This repository contains source code for "Collaborative Watermarking for Adversarial Speech Synthesis" presented at ICASSP 2024.
Listen to audio samples at the demo page https://ljuvela.github.io/CollaborativeWatermarkingDemo/
Paper pre-print available at https://arxiv.org/abs/2309.15224
Published version available at https://ieeexplore.ieee.org/document/10448134
Create a conda
environment and install dependencies
conda create -n adversarial-watermarking python=3.10
conda activate adversarial-watermarking
conda install -c pytorch -c conda-forge pytorch torchaudio pytest conda-build matplotlib scipy pysoundfile tensorboard
Install submodule dependencies and link them to the conda python evironment. You could use PYTHONPATH
instead, but we recommend conda
to keep the environment contained
git submodule update --init --recursive
conda develop third_party/hifi-gan
conda develop third_party/asvspoof-2021/LA/Baseline-LFCC-LCNN
To replicate experiments, download pretrained ASVSpoof models
cd third_party/asvspoof-2021/LA/Baseline-LFCC-LCNN/project
sh 00_download.sh
We do not currently distribute pre-trained HiFi GAN models. In the paper, we trained a wide range of configurations for 100k iterations, which still leaves a quality gap to the official Hifi GAN trained for 2.5M iterations (https://github.com/jik876/hifi-gan). If there is demand for a production-quality watermarked HiFi GAN, we will definitely consider training one.

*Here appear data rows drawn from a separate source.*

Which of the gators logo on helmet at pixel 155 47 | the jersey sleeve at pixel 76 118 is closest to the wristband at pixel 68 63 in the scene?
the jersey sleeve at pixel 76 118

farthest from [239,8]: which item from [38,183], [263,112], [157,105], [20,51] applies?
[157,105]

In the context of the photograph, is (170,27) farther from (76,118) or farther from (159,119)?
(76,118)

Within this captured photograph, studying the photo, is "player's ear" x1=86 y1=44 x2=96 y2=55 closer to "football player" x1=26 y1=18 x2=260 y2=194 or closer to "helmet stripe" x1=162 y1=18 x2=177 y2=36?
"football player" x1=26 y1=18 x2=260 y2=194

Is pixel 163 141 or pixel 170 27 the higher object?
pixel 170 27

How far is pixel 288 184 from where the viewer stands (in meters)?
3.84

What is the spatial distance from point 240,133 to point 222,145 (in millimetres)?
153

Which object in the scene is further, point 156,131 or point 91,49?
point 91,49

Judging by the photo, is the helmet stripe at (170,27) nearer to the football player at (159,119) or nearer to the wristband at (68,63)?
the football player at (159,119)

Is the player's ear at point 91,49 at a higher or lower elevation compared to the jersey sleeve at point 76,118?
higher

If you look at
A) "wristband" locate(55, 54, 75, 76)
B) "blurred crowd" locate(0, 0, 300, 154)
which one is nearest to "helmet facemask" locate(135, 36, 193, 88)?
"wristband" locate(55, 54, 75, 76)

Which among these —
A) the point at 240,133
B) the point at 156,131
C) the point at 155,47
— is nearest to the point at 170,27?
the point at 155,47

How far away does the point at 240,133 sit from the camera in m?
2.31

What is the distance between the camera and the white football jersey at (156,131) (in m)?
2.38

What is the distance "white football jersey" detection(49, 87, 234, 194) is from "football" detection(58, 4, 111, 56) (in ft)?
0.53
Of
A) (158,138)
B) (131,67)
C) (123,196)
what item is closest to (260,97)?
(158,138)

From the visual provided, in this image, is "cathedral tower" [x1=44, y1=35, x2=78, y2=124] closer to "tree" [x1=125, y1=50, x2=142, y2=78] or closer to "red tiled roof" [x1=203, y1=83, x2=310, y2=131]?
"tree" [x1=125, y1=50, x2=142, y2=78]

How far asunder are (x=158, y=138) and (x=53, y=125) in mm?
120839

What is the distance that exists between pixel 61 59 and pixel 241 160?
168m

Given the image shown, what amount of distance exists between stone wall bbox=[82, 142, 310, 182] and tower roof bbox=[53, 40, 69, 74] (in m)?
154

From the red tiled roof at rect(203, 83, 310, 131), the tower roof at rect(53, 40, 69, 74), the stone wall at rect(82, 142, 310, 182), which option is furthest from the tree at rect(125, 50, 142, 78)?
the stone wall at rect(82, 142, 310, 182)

Musan dataset is available as direct download from https://www.openslr.org/17/
Torchaudio has a nice wrapper, but only available in the nightly prototype at the moment https://pytorch.org/audio/master/generated/torchaudio.prototype.datasets.Musan.html
Using the nightly build provides a convenient method for download, but be careful not to break your environment
conda install -c pytorch-nightly -c nvidia torchaudio
dataset = torchaudio.prototype.datasets.Musan(root='/path/on/your/system/MUSAN', subset='noise', download=True)

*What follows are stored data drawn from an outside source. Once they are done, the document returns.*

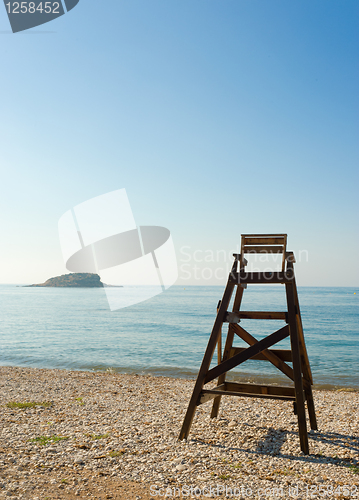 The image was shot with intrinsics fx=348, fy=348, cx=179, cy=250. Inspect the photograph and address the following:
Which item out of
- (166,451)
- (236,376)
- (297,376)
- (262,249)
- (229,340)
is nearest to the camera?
(166,451)

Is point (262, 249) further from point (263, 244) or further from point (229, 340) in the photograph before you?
point (229, 340)

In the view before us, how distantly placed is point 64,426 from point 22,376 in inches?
331

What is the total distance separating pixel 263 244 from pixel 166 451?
14.0ft

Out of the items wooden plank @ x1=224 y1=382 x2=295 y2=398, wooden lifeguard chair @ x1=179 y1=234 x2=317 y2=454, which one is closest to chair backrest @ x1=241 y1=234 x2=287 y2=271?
wooden lifeguard chair @ x1=179 y1=234 x2=317 y2=454

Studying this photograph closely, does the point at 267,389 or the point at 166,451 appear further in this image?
the point at 267,389

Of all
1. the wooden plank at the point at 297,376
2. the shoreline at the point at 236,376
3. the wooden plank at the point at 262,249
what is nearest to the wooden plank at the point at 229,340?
the wooden plank at the point at 262,249

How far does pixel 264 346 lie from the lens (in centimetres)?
645

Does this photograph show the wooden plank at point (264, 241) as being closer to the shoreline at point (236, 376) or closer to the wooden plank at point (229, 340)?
the wooden plank at point (229, 340)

The repository also implements room impulse response augmentation. The paper didn't have room to evaluate this, but you're welcome to experiment
Download the MIT RIR dataset from http://mcdermottlab.mit.edu/Reverb/IR_Survey.html
The following config snippet helps VSCode find the dependencies for development
{
"terminal.integrated.env.linux" : {"PYTHONPATH": "${workspaceFolder}/third_party/hifi-gan;${workspaceFolder}/tests"},
"terminal.integrated.env.osx" : {"PYTHONPATH": "${workspaceFolder}/third_party/hifi-gan;${workspaceFolder}/tests"},
"python.analysis.extraPaths": [
"third_party/hifi-gan",
"third_party/asvspoof-2021/LA/Baseline-LFCC-LCNN"]
}
Please use the following BibTeX to cite the paper.

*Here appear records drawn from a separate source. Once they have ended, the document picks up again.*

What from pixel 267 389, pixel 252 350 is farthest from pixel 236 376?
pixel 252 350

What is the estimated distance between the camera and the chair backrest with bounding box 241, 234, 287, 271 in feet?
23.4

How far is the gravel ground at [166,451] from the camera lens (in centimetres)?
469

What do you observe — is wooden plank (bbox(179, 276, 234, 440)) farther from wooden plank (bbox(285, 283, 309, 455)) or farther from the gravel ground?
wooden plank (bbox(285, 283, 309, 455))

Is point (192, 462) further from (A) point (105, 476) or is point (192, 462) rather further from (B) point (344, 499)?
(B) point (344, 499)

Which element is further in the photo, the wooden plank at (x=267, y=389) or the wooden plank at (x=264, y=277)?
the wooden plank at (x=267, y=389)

@INPROCEEDINGS{juvela2024-collaborative-watermarking,
author={Juvela, Lauri and Wang, Xin},
booktitle={ICASSP 2024 - 2024 IEEE International Conference on Acoustics, Speech and Signal Processing (ICASSP)},
title={Collaborative Watermarking for Adversarial Speech Synthesis},
year={2024},
volume={},
number={},
pages={11231-11235},
doi={10.1109/ICASSP48485.2024.10448134}}